_Task input_
══════════════════════════════

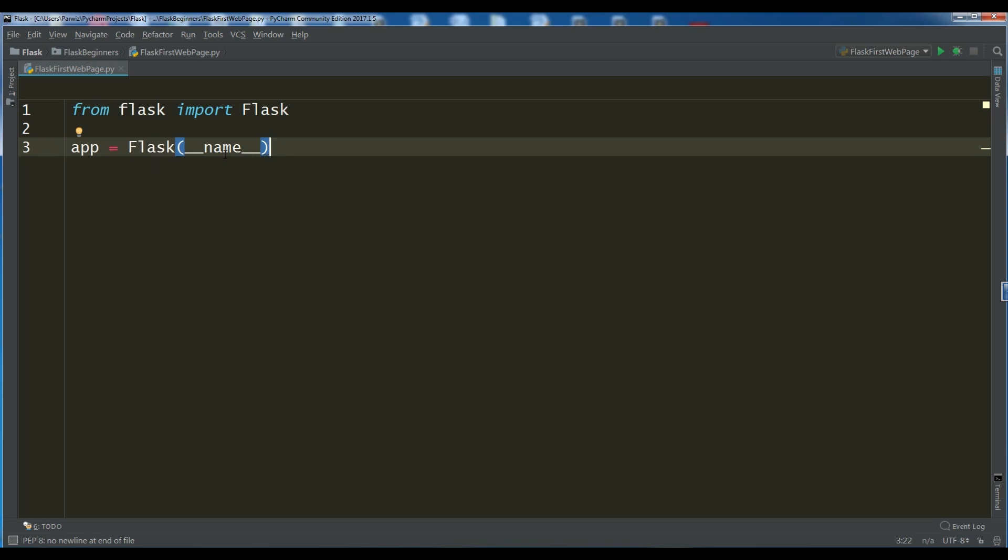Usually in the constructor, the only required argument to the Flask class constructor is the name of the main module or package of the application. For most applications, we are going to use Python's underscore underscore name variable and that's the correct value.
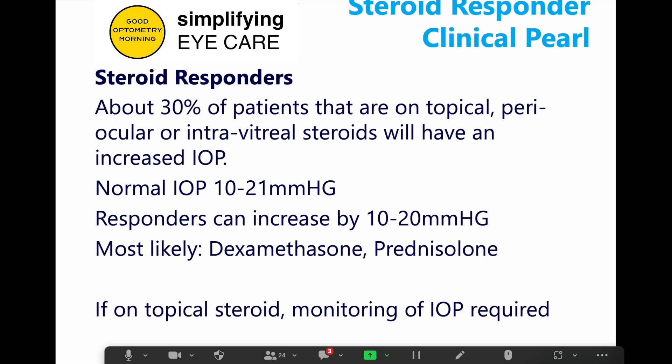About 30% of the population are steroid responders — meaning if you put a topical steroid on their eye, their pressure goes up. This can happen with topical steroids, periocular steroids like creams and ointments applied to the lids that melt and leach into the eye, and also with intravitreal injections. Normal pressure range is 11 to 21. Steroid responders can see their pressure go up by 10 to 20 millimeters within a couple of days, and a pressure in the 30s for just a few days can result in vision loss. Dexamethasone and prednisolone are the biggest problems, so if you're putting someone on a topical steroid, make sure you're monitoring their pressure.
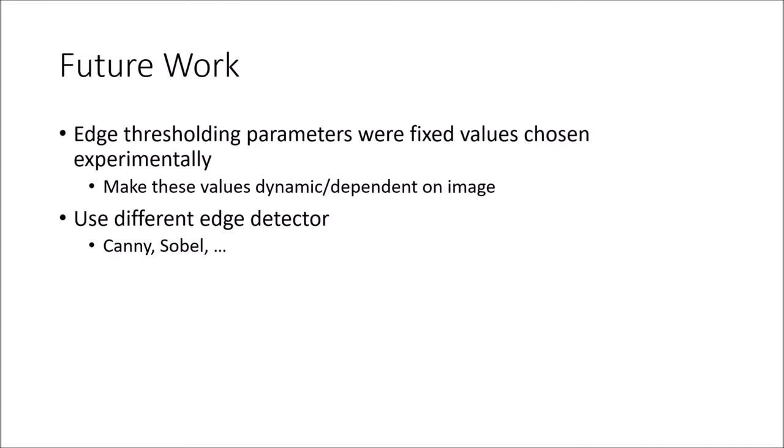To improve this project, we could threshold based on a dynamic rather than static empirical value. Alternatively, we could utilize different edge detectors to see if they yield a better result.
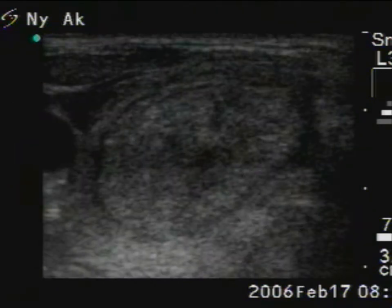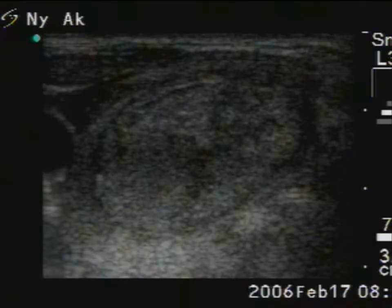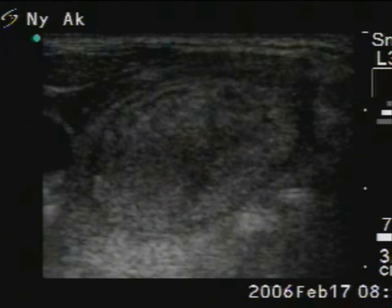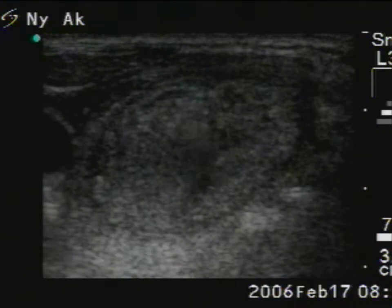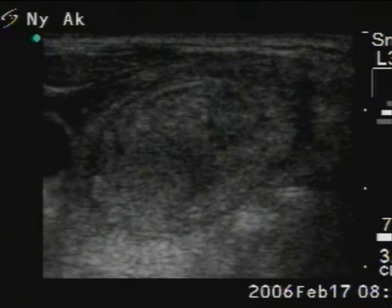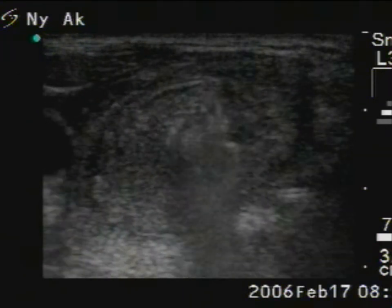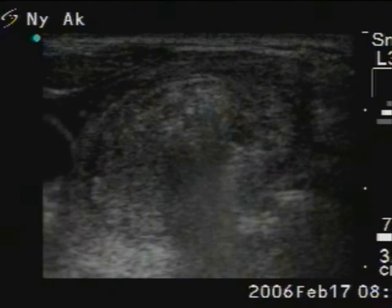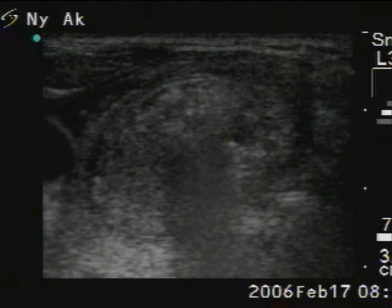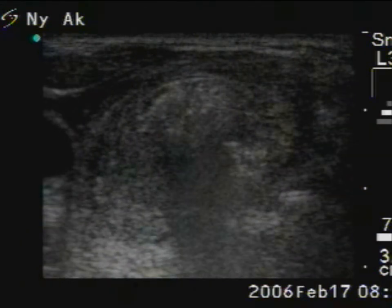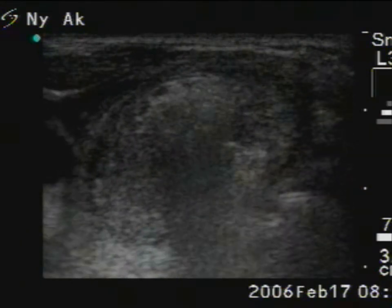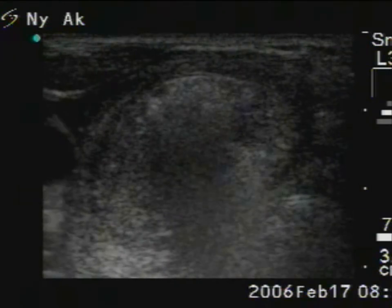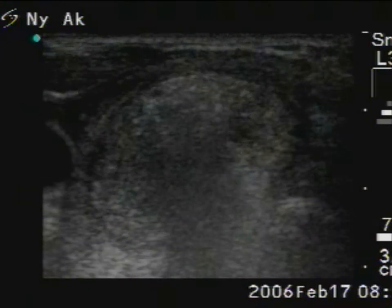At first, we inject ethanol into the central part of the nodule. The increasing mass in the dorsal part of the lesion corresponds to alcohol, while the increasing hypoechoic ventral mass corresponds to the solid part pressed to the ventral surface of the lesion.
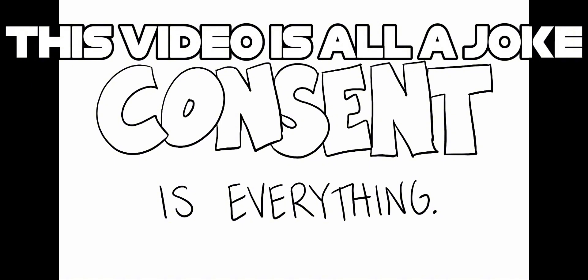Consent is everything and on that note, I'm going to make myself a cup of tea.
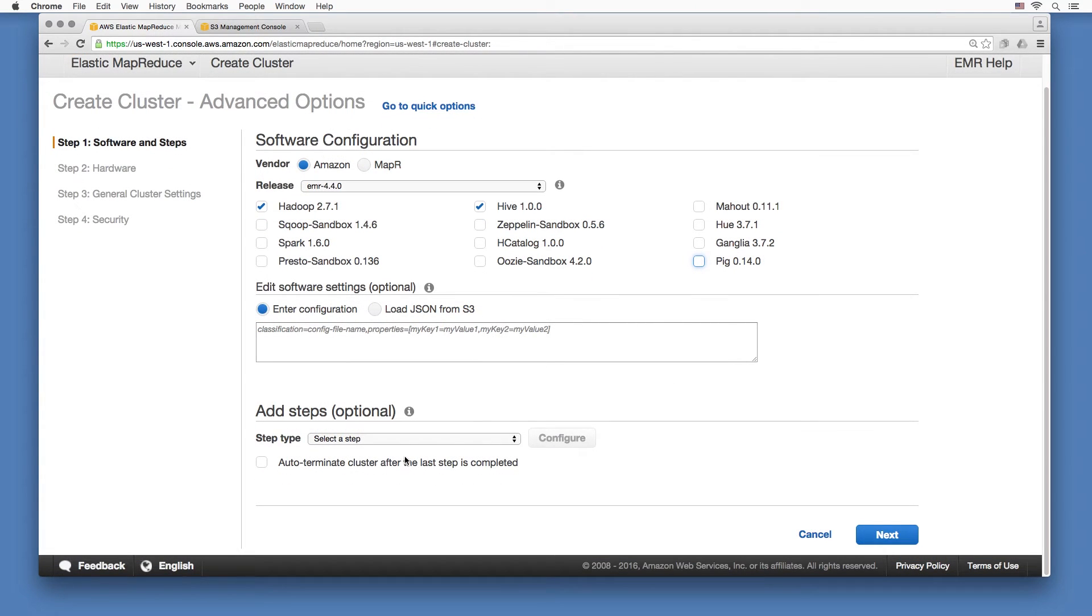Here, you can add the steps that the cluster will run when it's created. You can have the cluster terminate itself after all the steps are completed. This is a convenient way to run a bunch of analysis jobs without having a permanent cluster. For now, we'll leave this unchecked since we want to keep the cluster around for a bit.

══════════════════════════════

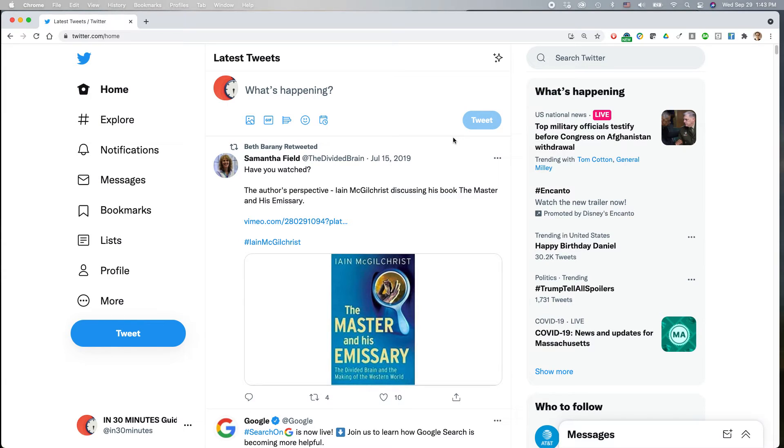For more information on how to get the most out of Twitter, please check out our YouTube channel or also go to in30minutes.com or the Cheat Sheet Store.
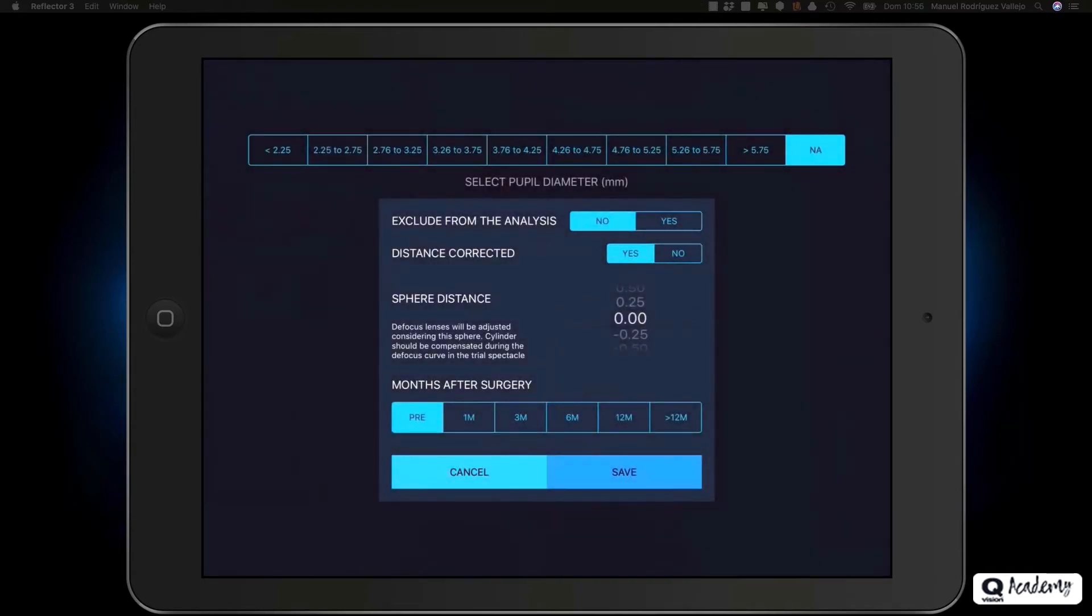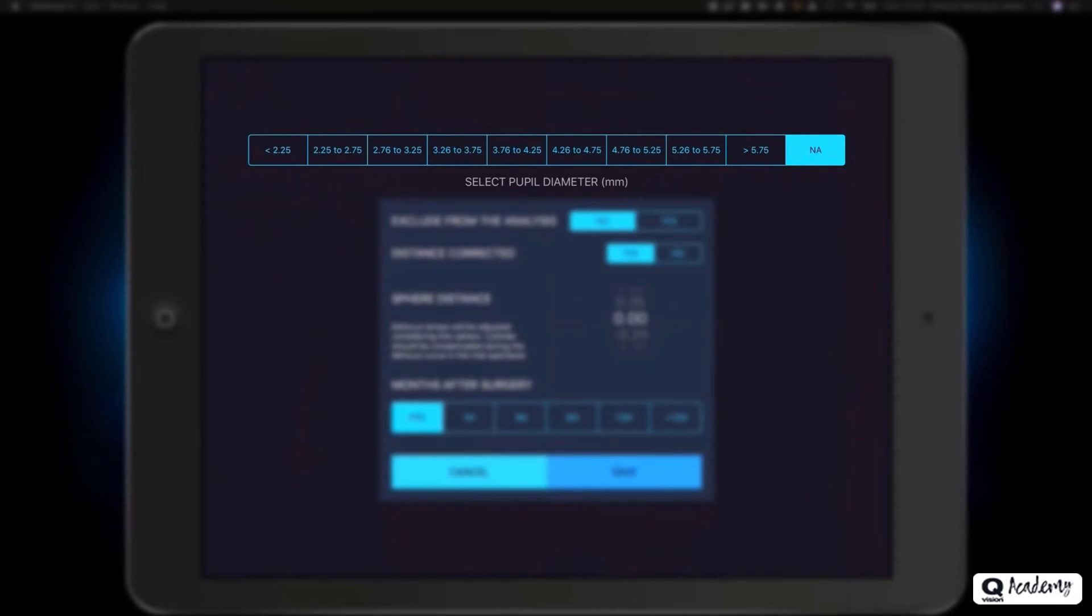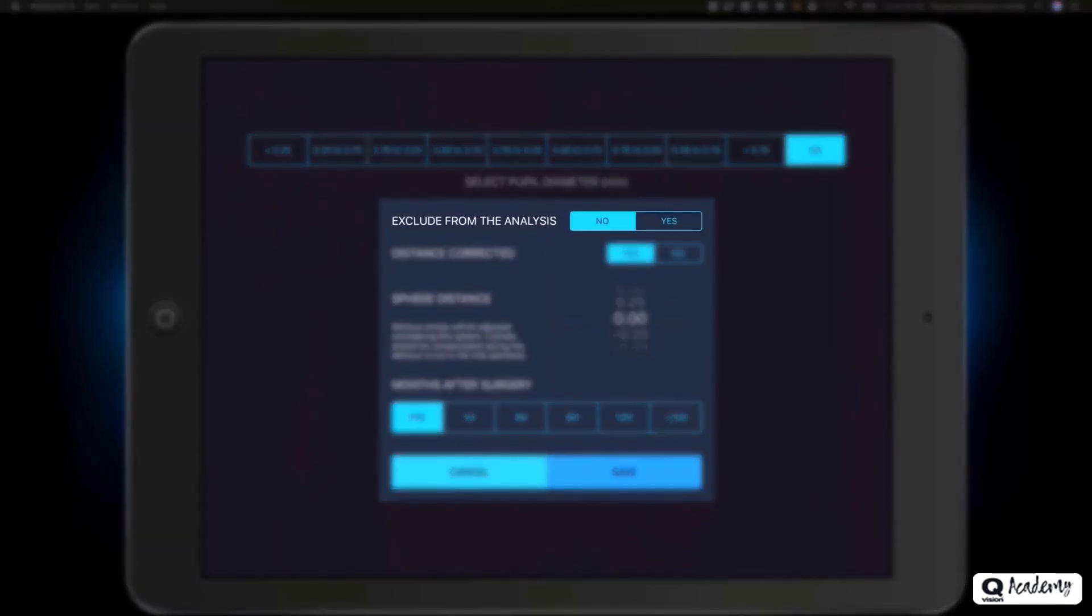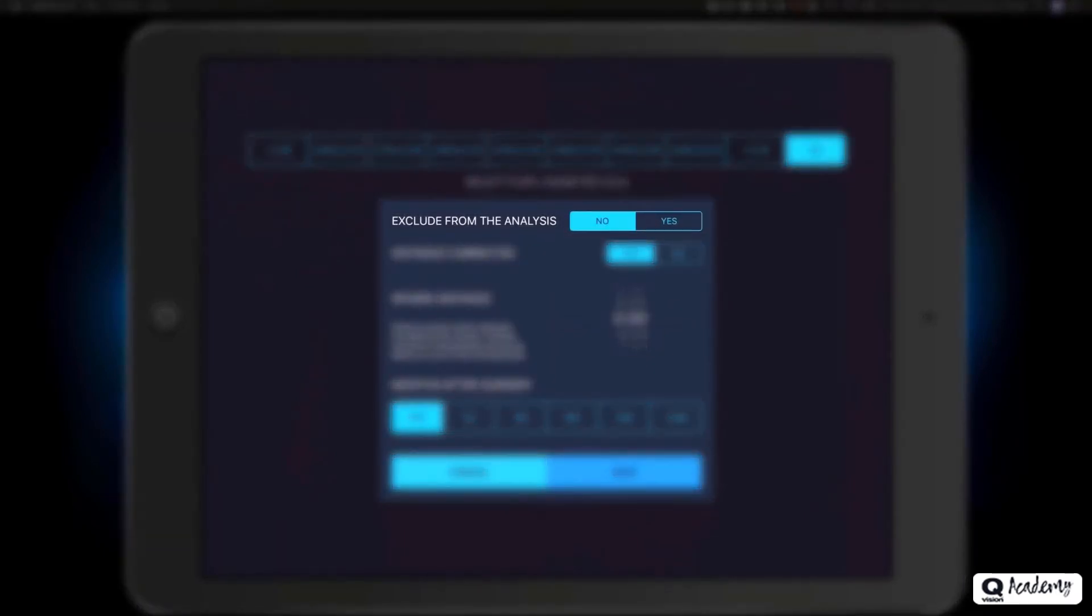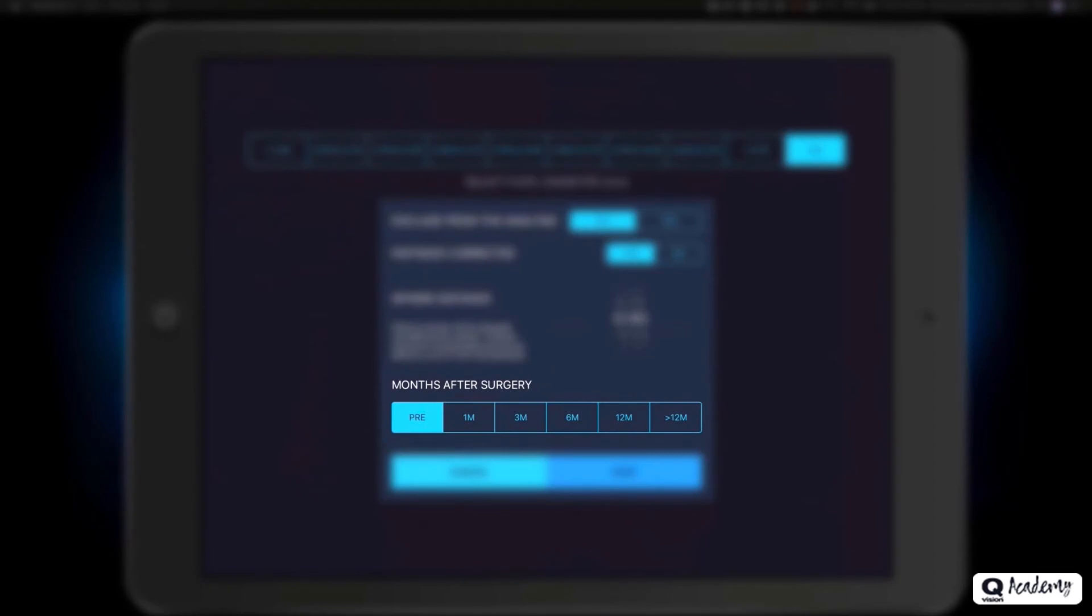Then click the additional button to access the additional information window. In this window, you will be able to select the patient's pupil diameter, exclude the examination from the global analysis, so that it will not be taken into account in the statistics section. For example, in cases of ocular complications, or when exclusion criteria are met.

══════════════════════════════

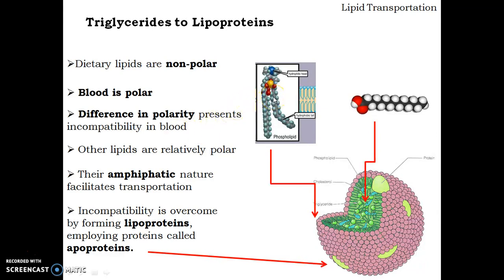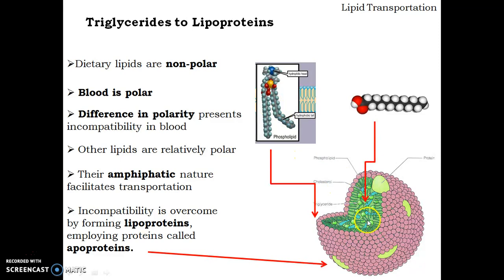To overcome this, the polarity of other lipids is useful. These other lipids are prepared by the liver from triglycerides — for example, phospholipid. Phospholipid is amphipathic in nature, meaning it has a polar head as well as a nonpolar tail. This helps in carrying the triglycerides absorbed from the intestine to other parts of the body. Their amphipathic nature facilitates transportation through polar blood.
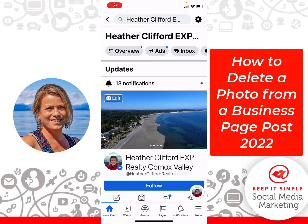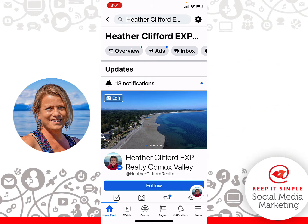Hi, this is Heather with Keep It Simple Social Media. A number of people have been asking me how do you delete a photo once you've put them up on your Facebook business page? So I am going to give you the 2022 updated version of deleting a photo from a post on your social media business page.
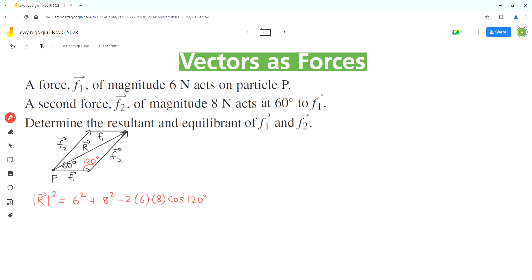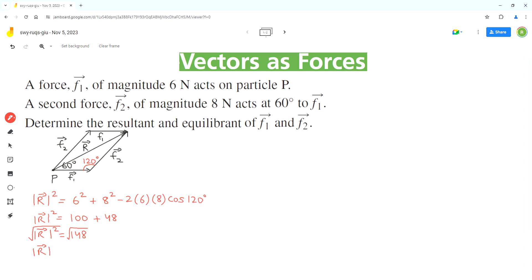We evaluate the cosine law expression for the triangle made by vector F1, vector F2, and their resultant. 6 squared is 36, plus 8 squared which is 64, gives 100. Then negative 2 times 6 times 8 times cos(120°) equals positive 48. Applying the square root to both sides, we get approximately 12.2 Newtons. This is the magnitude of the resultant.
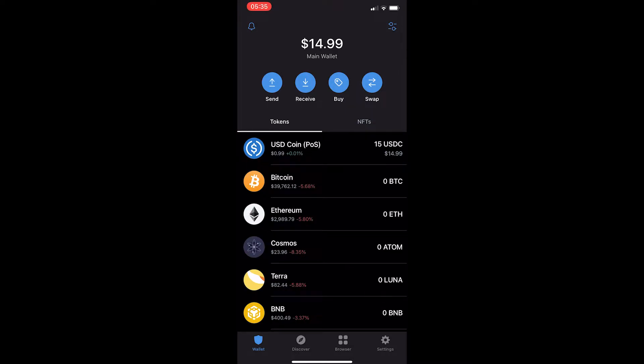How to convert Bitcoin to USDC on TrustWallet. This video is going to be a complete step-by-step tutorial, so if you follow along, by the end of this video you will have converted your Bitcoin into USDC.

══════════════════════════════

_Description of the task_
Although pictures appear among the entries, please set down only the lines from the one with "About 30% of" up to and including the one with "Here, you can", word for word.

_Result of the task_
About 30% of the population are steroid responders — meaning if you put a topical steroid on their eye, their pressure goes up. This can happen with topical steroids, periocular steroids like creams and ointments applied to the lids that melt and leach into the eye, and also with intravitreal injections. Normal pressure range is 11 to 21. Steroid responders can see their pressure go up by 10 to 20 millimeters within a couple of days, and a pressure in the 30s for just a few days can result in vision loss. Dexamethasone and prednisolone are the biggest problems, so if you're putting someone on a topical steroid, make sure you're monitoring their pressure.
To improve this project, we could threshold based on a dynamic rather than static empirical value. Alternatively, we could utilize different edge detectors to see if they yield a better result.
At first, we inject ethanol into the central part of the nodule. The increasing mass in the dorsal part of the lesion corresponds to alcohol, while the increasing hypoechoic ventral mass corresponds to the solid part pressed to the ventral surface of the lesion.
Consent is everything and on that note, I'm going to make myself a cup of tea.
Here, you can add the steps that the cluster will run when it's created. You can have the cluster terminate itself after all the steps are completed. This is a convenient way to run a bunch of analysis jobs without having a permanent cluster. For now, we'll leave this unchecked since we want to keep the cluster around for a bit.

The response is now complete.